Gravesend is known for its opulent 21st century mansions, built mostly by Sephardic Jews from Syria in the decreasingly Italian neighborhood in southern Brooklyn. The area most heavily blanketed in huge new homes is the part of Gravesend west of Ocean Parkway (the Sephardic Park Avenue) and south of Kings Highway, where historicist palaces started going up in the late 1980s.
But the trend has also spread to Midwood, just to the north, and we’ve spotted homes of around 10,000 square feet as far north as Avenue I, just a block away from the border with Flatbush.
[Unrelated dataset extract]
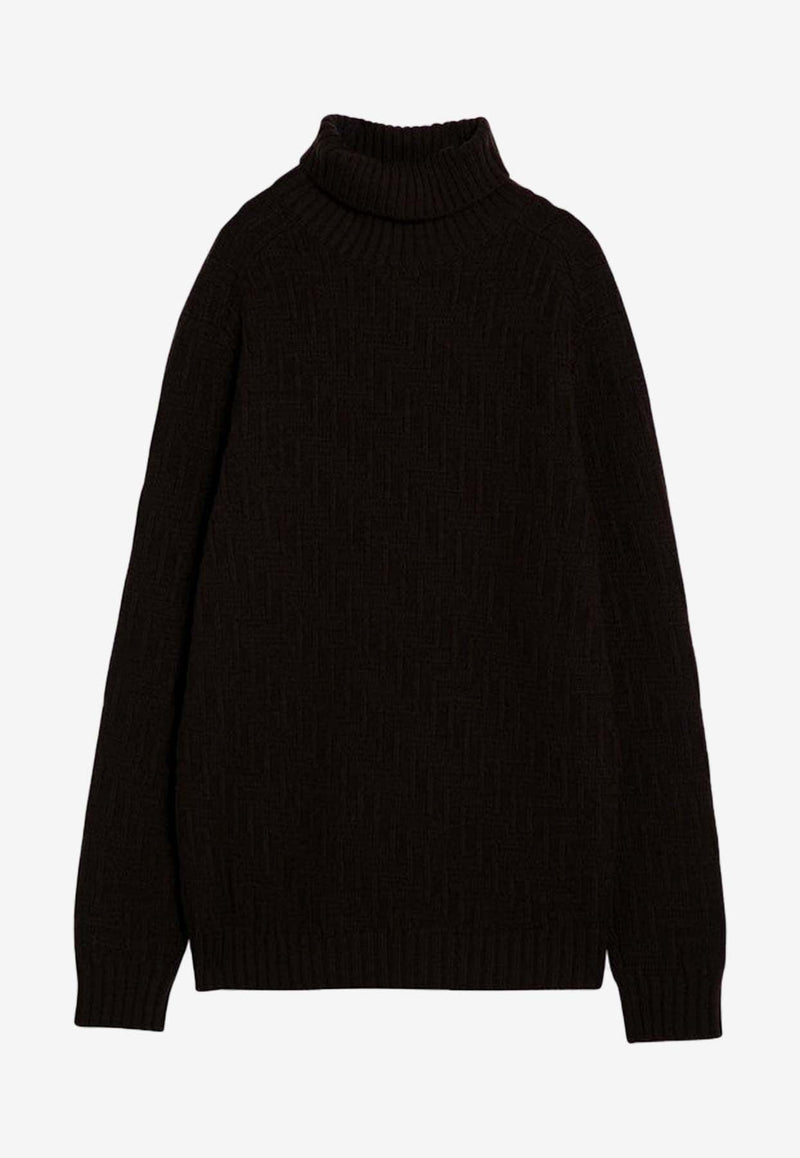 Wool-Blend Turtleneck Sweater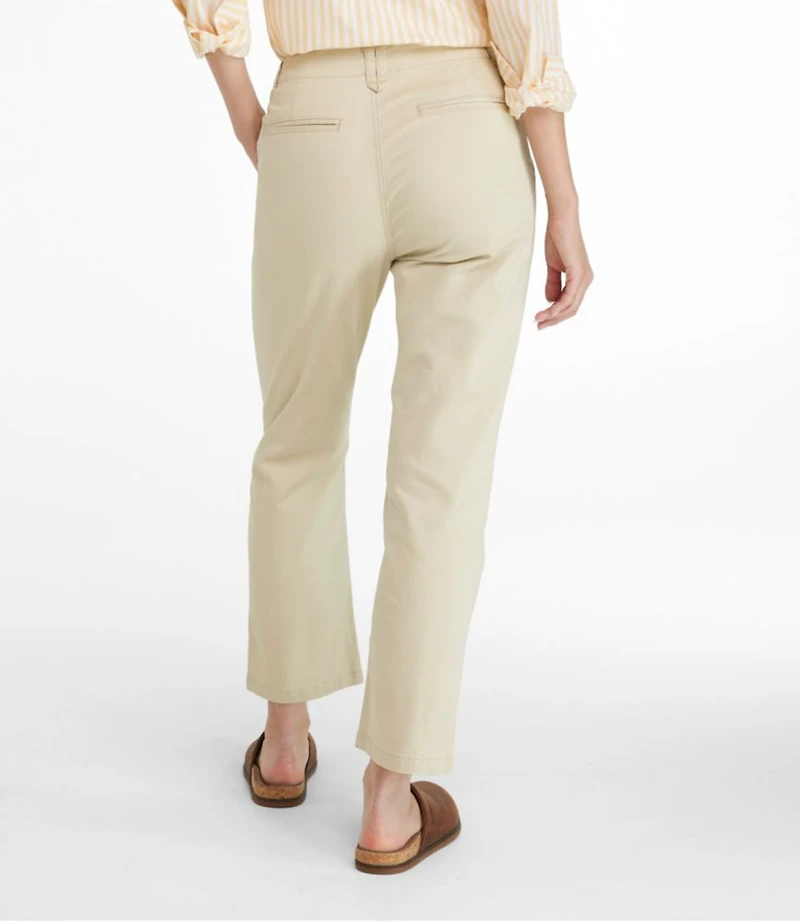 Women's Signature Easy-Cotton Pleated Chinos, Ankle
Today, we’ve got a permit filing from the Midwood part of the teardown zone, for a 7,400-square foot home, with another 3,000 square feet of space that doesn’t count towards zoning. The owner is Jack Habert, who bought the land (and, less usefully, a couple of buildings) in two transactions, in 2010 and 2013, for about $800,000 a piece. The architect of his family’s new home, which will sit on a double-wide 54-foot lot, will be Hesham Elshamy.
While YIMBY does appreciate the unique vernacular architecture of the modern mansions in Gravesend and Midwood, the zoning is less than ideal: the Special Ocean Parkway District, which blankets the Syrian Jewish heartland, forbids apartment buildings. By forcing everyone to build mansions, the city is wreaking havoc on the affordability of Gravesend, an area teeming with other immigrants, who can’t afford $5 million homes.
While the builders of single-family homes in this area are quite wealthy, spending a few million to buy an old home and another few million to build a new one, they likely wouldn’t be wealthy enough to outbid developers of new apartment buildings if zoning allowed them to compete for the land. Any new rentals or condos in this area would of course not be cheap, but an expensive condo is a lot more affordable than an expensive 10,000-square foot mansion.
And if local architect Teo Cambeiro’s extravagant Naboo-like apartment building on Avenue P is any hint, denser development would still respect the architectural uniqueness of the modern Gravesend vernacular.